布尔迪厄将符号资本与符号权力之间的关系概括为社会炼金术,认为社会主体把任何既定的资本转化为象征资本,即建立在所有人的本质基础上的合法化占有,就是社会炼金术的基本运作[11]。网络媒体投身社会公益能够获得社会舆论的普遍支持和积极评价,从而在公众心目中树立公信力和权威性,将网络媒体既有的物质资源转化为象征领域中的符号资本。在“误识”和“惯习”的作用下,符号资本在场域中会生成一种影响和支配他人的符号权力,帮助网络媒体建立良好的公共关系、提高意义建构的话语权和获取更多的社会资源。
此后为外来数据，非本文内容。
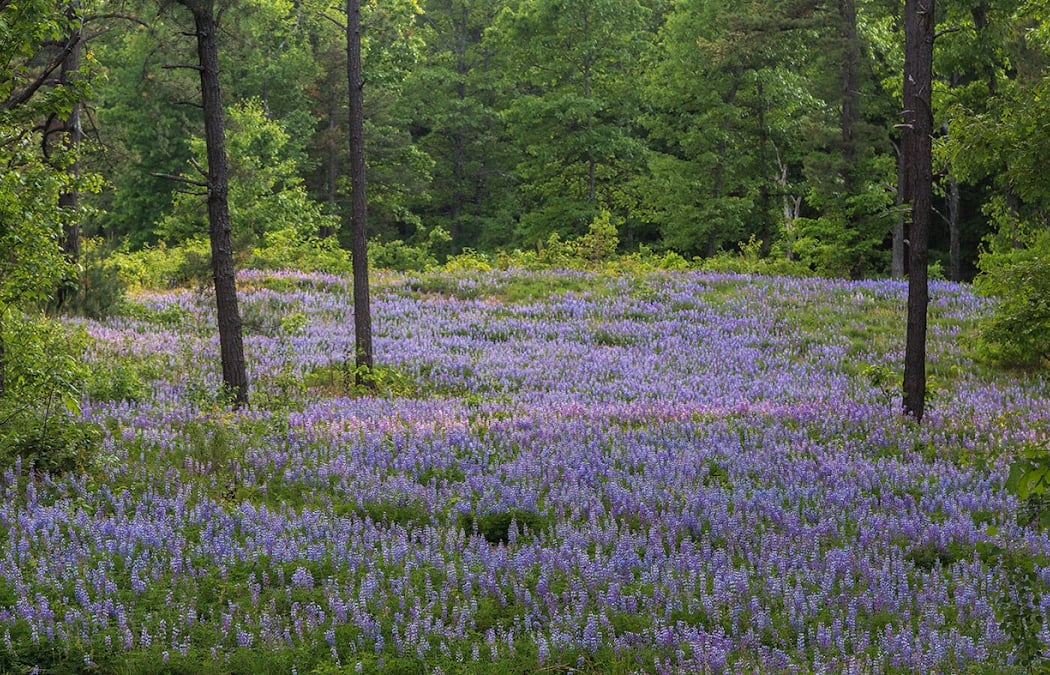 Wilton Wildlife Preserve & Park; Office Location 1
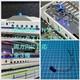 N Gauge Model Train, Panta Spark, About 5 Seconds Apart, Set Of 2, Can Be Used T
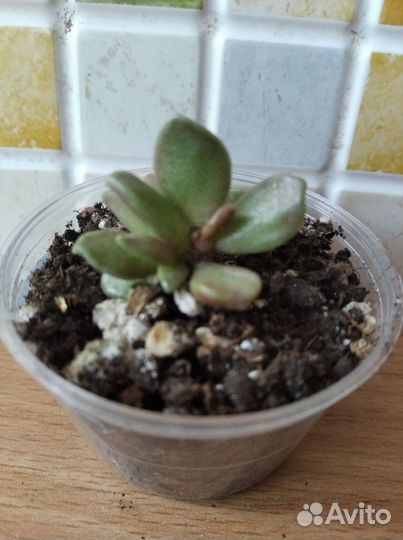 Адромискусы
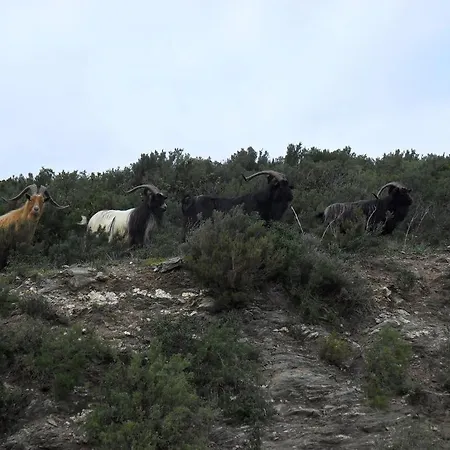 U Licetu A La Campagne *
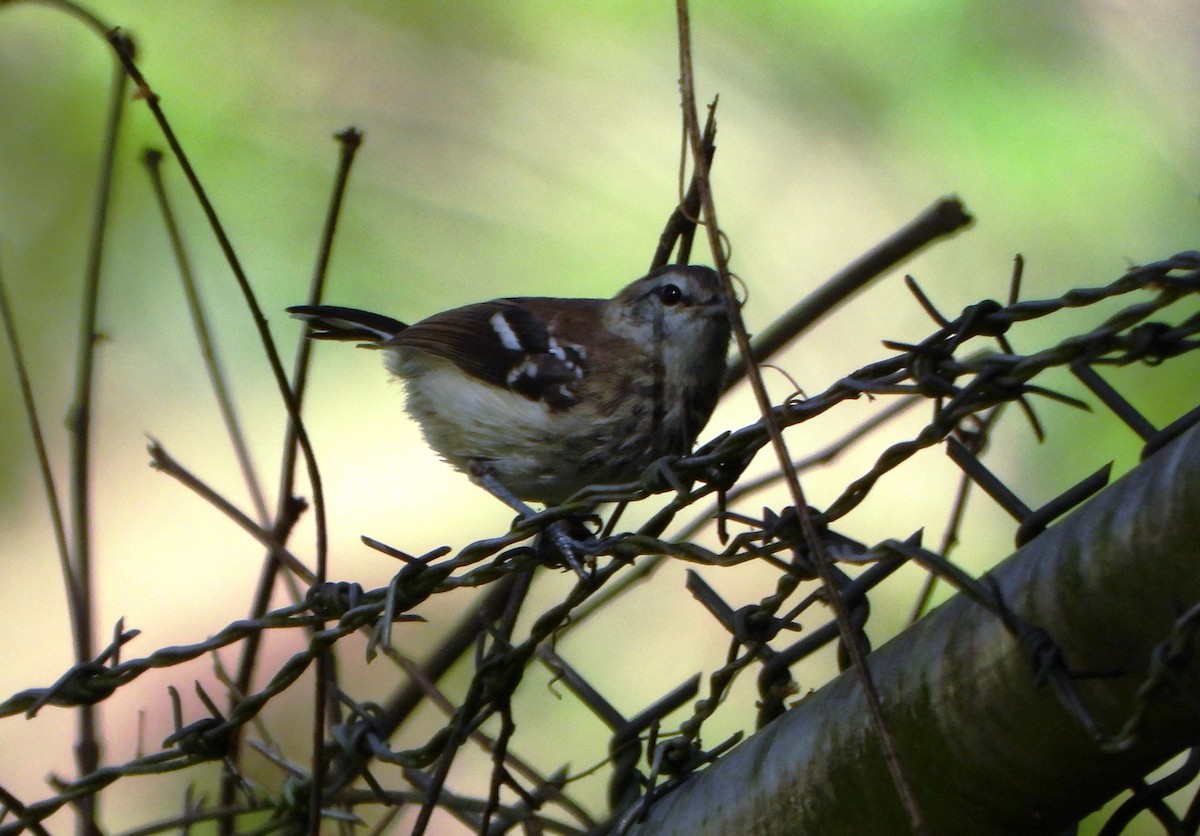 Northern White-fringed Antwren - ML641070968
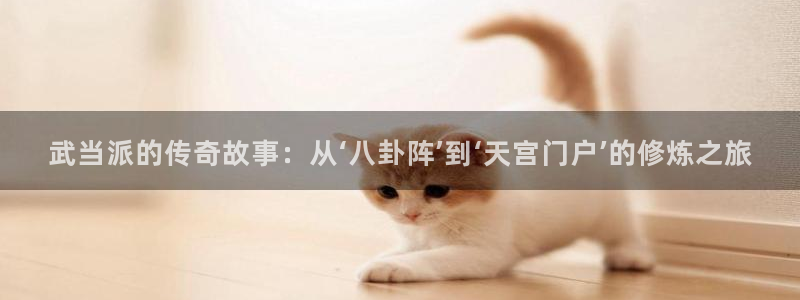 漫蛙漫画ver1.1.8：武当派的传奇故事：从‘八卦阵’到‘天宫门户’的修炼之旅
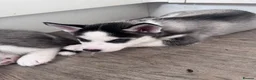 Siberian Husky dogs for sale: Puppies for sale - Advert 10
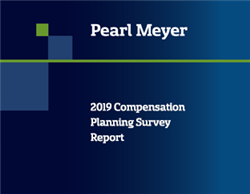 2019 Compensation Planning Survey Report Cover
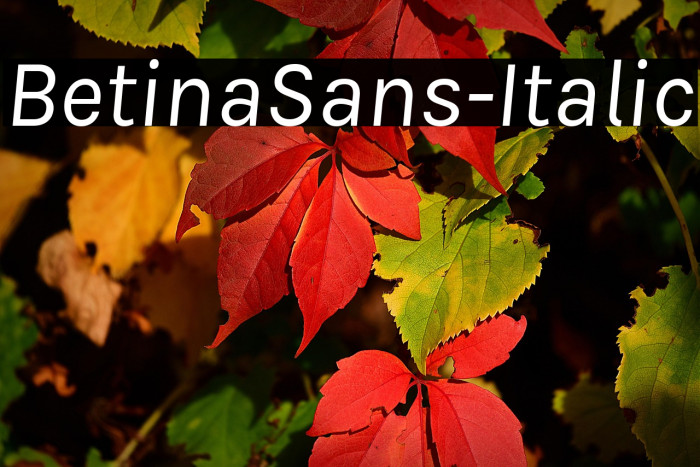 BetinaSans-Italic Example 3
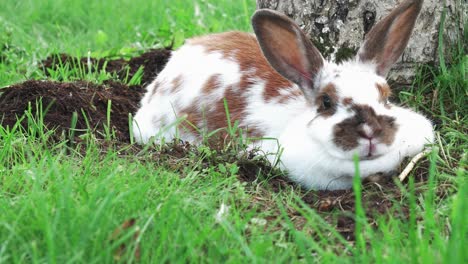 hermoso y lindo conejo blanco está acostado en el suelo y disfruta de su comida mientras está rodeado de hierba verde y un árbol blanco detrás de él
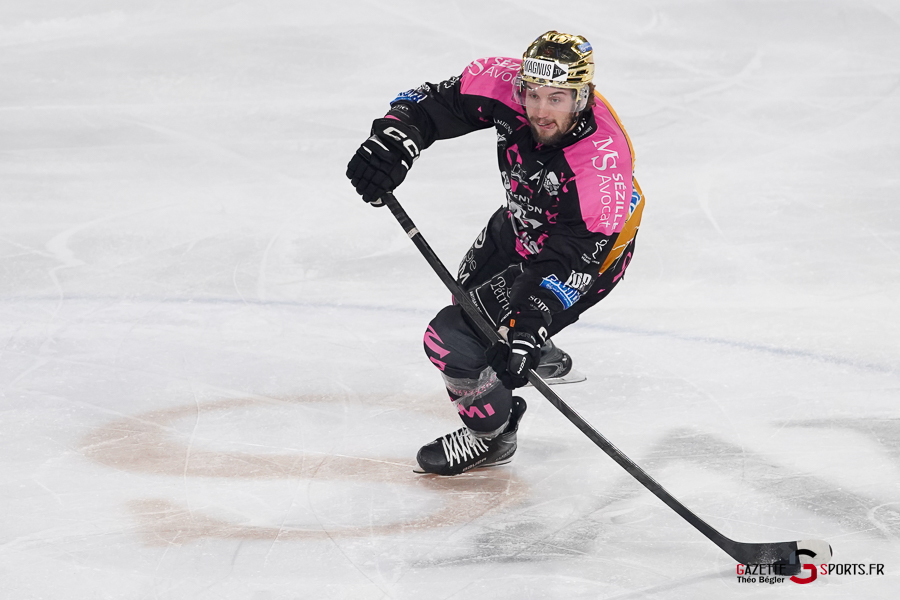 hockey sur glace (synerglace ligue magnus journée 8) : gothiques d’amiens v jokers de cergy pontoise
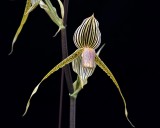 20212568 Paphiopedilum Bel Royal Owen CCM/AOS (81 points) - 04-10-2021 - Orchids by Hausermann (flower)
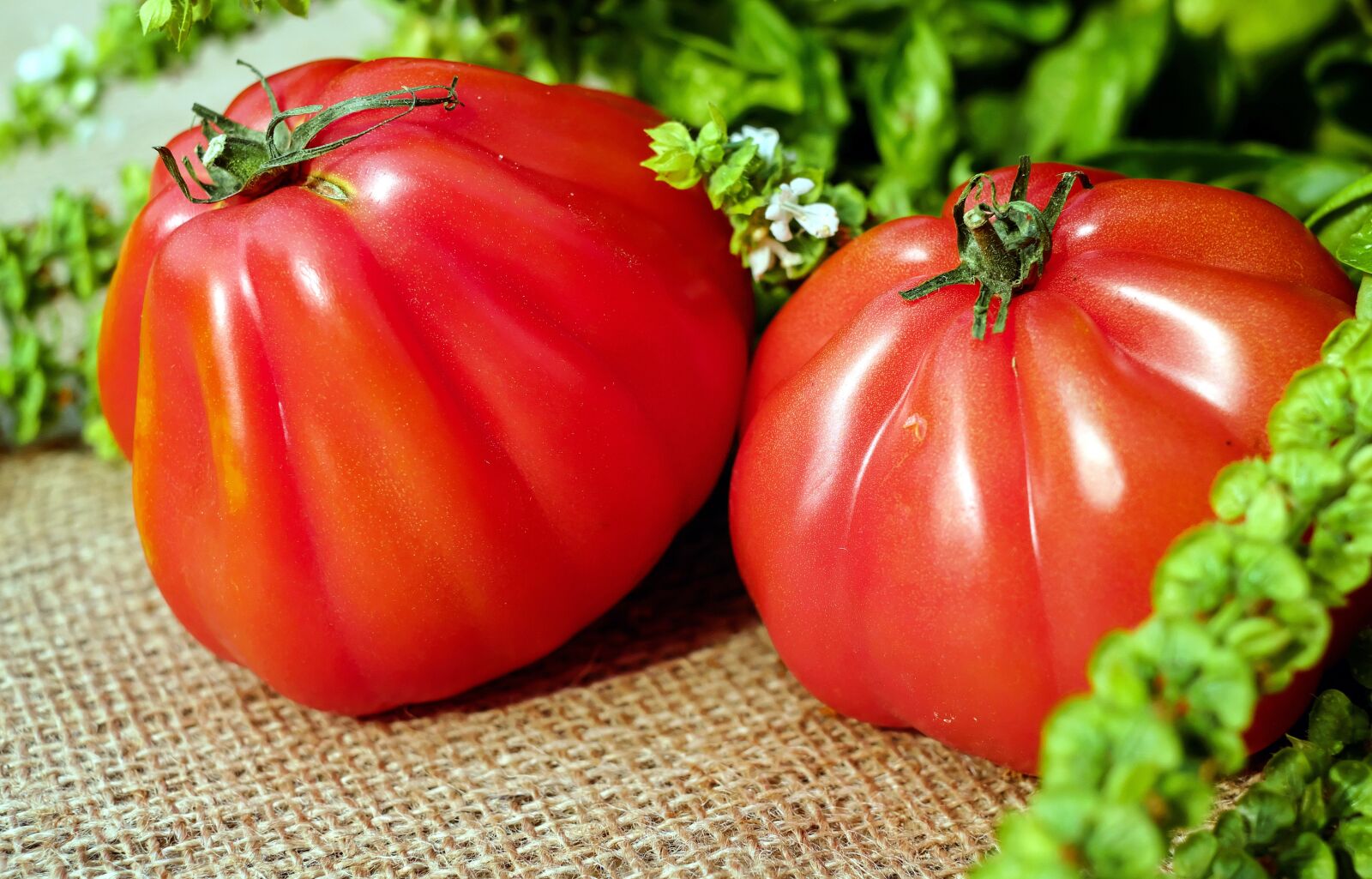 Fujifilm X-T10 + Fujifilm XF 35mm F1.4 R sample photo. Tomatoes, red, food photography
诚然,投身社会公益力度的不同必然导致网络媒体占有和获取符号资本的多寡,有实力的传媒组织往往因为巨额的慈善捐款和持续的公益行动而受到社会各界的广泛赞誉,实力相对较小的传媒组织的公益行为却很难为人们所熟知,这就为网络媒体占有不同的社会资源提供了道义上的合法性,使得有实力的传媒组织在社会竞争场域中获得更多的资源和支持。

总之,公益事业涉及到全体社会成员的切身利益,我们既要看到网络媒体热衷公益事业的自身目的,也要看到传媒组织投身公益所秉持的责任感和使命感,坚持“爱心不分大小”的公益态度,为每一个投身公益事业的传媒组织用心点赞。